Not heading for the Everly's more famous singles gives the album a more contemporary feel although with two lead vocalists vying for the mike it is rare that this new pairing actually trump any of the Don and Phil versions. It is however an enjoyable album containing a sterling version of the traditional "Roving Gambler" which Simon & Garfunkel and Bob Dylan also covered. Likewise "Long time gone" shows that Armstrong in particular has a voice which his work in Green Day could only hint at. Sticking strictly to the Everlys format largely works because of the presence of a woman's voice giving the songs a different feel. That said when it comes to an old murder ballad like "Down in the Willow Garden" you hark back to Nick Cave's version and the greater brutality that he injected. In this sense it is the sparsity of Jones's trademark smoky vocal on "I'm here to get my baby out of jail" which actually impresses most because possibly it's the least comparable to an Everly original.

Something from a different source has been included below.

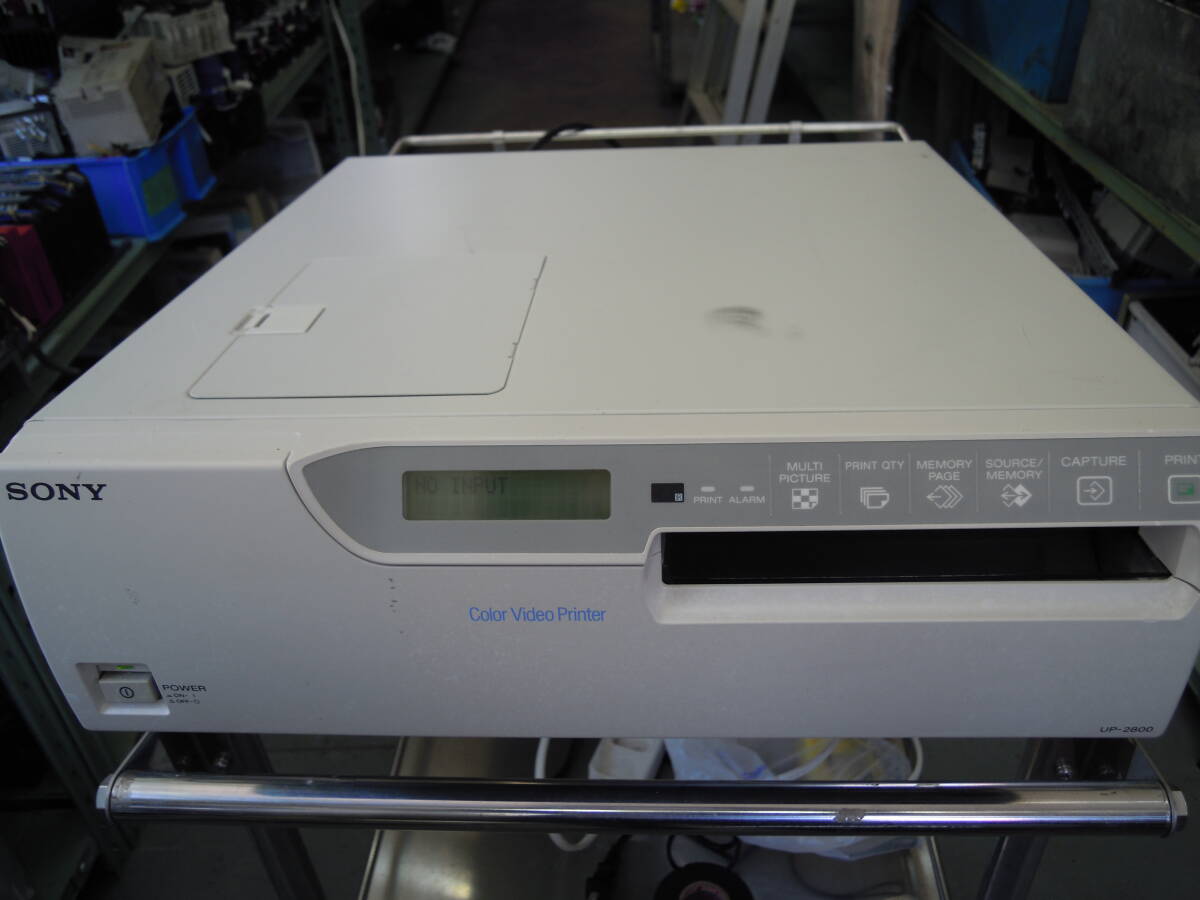 新00028　値下げSONY カラービデオプリンター UP-2800　A-2段2024/12/13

When all is said and done the versions here are respectful and well executed. For anyone approaching these tracks for the first time the wonders of the shuffling "Kentucky", the joyous raw fiddle of "Barbara Allen" and the sweet delight of "Lightning Express" await. There is little doubt that this collaboration will be compared to, what was also deemed at the time, an equally "left field" matching of Robert Plant and Alison Krauss on "Raising Sand". In the last analysis the latter produced a more varied atmospheric product, but Armstrong and Jones have not let the side down and "Foreverly" marks a successful collaboration from two unlikely collaborators.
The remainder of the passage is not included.